PALMVIEW — The city and the Agua Special Utility District want to let the public know that they’ve put aside past differences to work together to have the sewer project and street paving completed as soon as possible.
During a news conference Wednesday morning, officials from Agua SUD and the city of Palmview assured the public that work on the sewer project and street paving will be ending within a few months and the two entities were communicating with each other to resolve any emerging issues.
“The city of Palmview and Agua SUD had a workshop to discuss not just this project but also other projects,” said J.E. “Eddie” Saenz, the Agua SUD general manager. “They created committees to continue talking about them and we’ve met every two to three weeks to discuss ongoing issues.”
The $42 million project by Agua SUD to bring sewer service to Palmview resulted in damage to many roads. Funding for the project only allowed for the streets to be patched up but after residents voiced concerns, the city of Palmview stepped in and offered to pay for the entire streets to be paved.
In March 2018, the city and Agua SUD finalized an agreement through which Agua SUD agreed that once their contractors were finished with the streets, they would turn them over to the city for paving.
Since then, residents have lodged complaints over the length of time it’s taken to complete work on the streets, specifically during a town hall held by the city in November and during an Agua SUD-Palmview joint workshop held in February.

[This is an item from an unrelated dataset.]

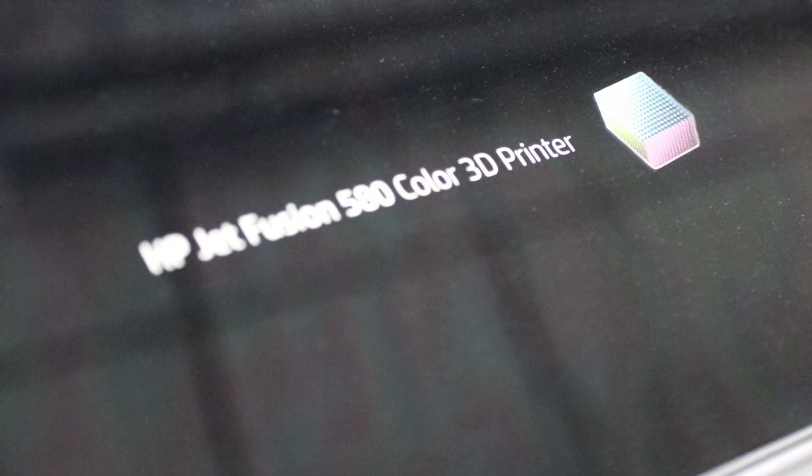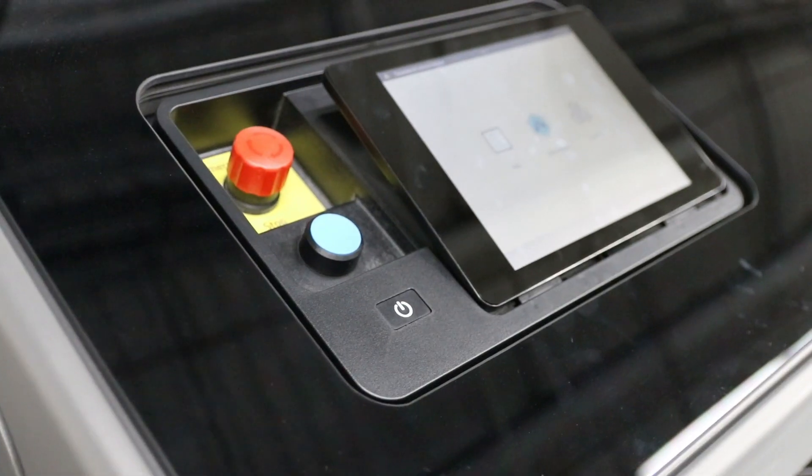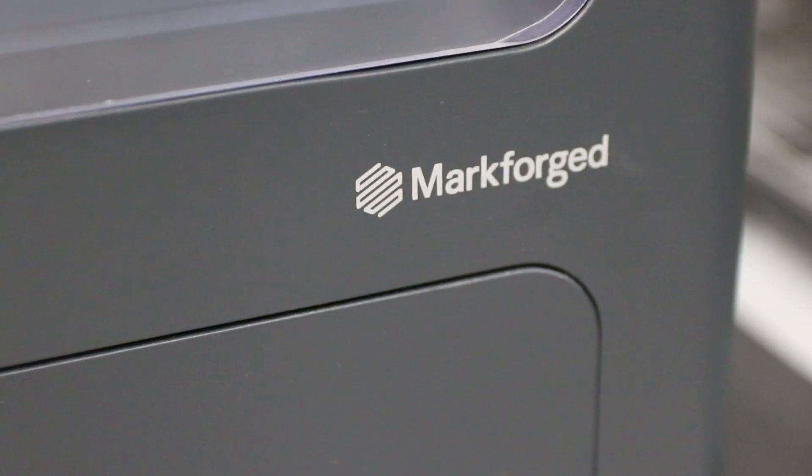We're kind of at an inflection point where we can start looking at production volumes, because we can turn around in days with a couple thousand parts — we now cut out and eliminate the need for stocking inventory. It's an on-demand process; people let us know what they need and within two, three, four days we can have their parts in hand.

It was after that workshop that the two entities created the aforementioned committees that consist of officials from Agua SUD and Palmview.
Palmview Councilwoman Linda Sarabia said one of the things they discovered was that communication with the community was “not the best,” which was one of the reasons for the committees.

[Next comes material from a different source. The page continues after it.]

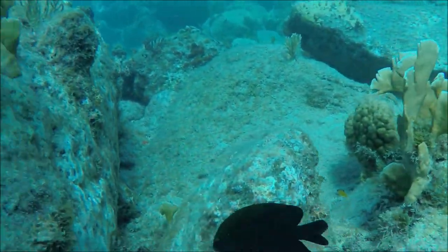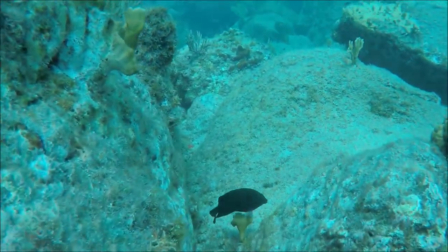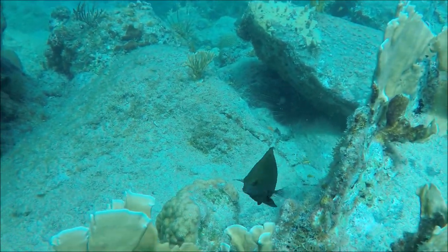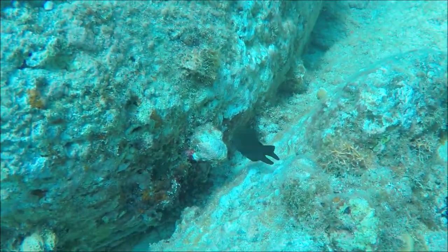This is a dusky damselfish. It has very distinctive and round ends to its tail fins and also the fin on the top of its back, which is known as the dorsal fin. This makes it characteristically different from other damselfish that you find in the Caribbean.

She said they were committed to providing updates to the community regardless of whether the news was negative.
“As elected officials, sometimes it’s uncomfortable for us to (show) our face and hear all the complaints but we know what we signed up for,” she said.

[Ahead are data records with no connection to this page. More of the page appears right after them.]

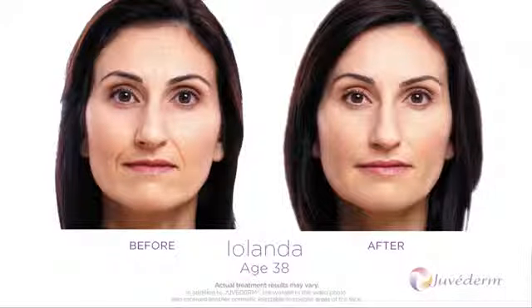Juvederm is also available with pain reducing lidocaine for added treatment comfort. Treatment involves little discomfort.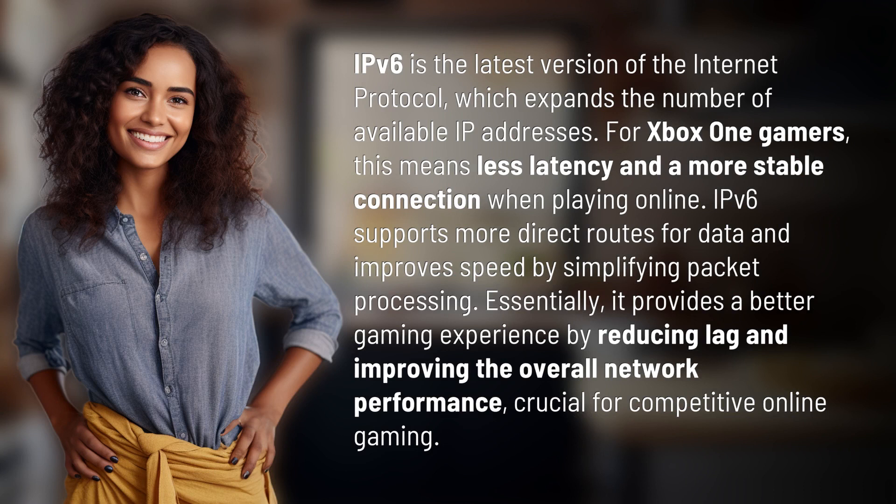IPv6 is the latest version of the Internet Protocol, which expands the number of available IP addresses. For Xbox One gamers, this means less latency and a more stable connection when playing online.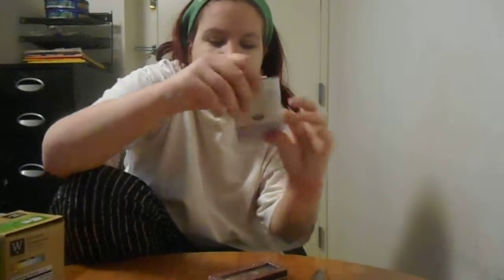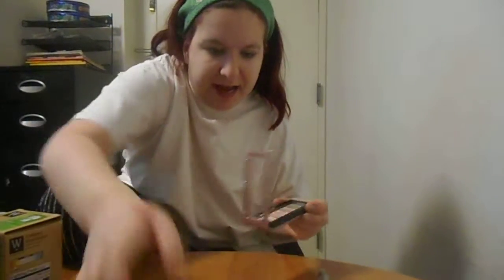So I'm getting started on the eyes. Are we really rolling? Oh God, the camera keeps freaking falling. Say hi, Harley. Now I'm going to get started on the eyes.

As for the status of the project, she said she understood residents’ frustration.
“I want to express that we too live in this city, use the same streets, we’re also frustrated,” she said in Spanish, “but what’s changing is that now have more communication between the entities, we’re working together to see that this happens faster and if there are problems, we can deal with them together.”
Sarabia added that updates will be available on the city’s Facebook page while updates on which roads have been transferred to the city will also be available on Agua SUD’s website, said Esequiel “Zeke” Ortiz, the Agua SUD board president.
While a list of the transferred roads has already been available to residents online, Saenz said the list will also begin to include a projected date of completion for all the roads.
Palmview City Manager Michael Leo highlighted the benefits of the project which include no longer dealing with septic systems and the cost that comes with maintaining them, as well as having new paved roads in the city.
He also noted that lack of sewer in the city would no longer be an issue for businesses that want to come in.
“So the economic impact that we’re going to benefit here in Palmview is going to tremendous as well,” Leo said.
The two entities continue to communicate with contractors to get updated completion dates though Palmview Mayor Ricardo “Rick” Villarreal estimated the work would be done in about three months out.
“We’re about three months away after a good long five years of planning, meeting, organizing, quarreling, laughing, and crying through it all,” Villarreal said. “When you have good intentions, good things come out of them.”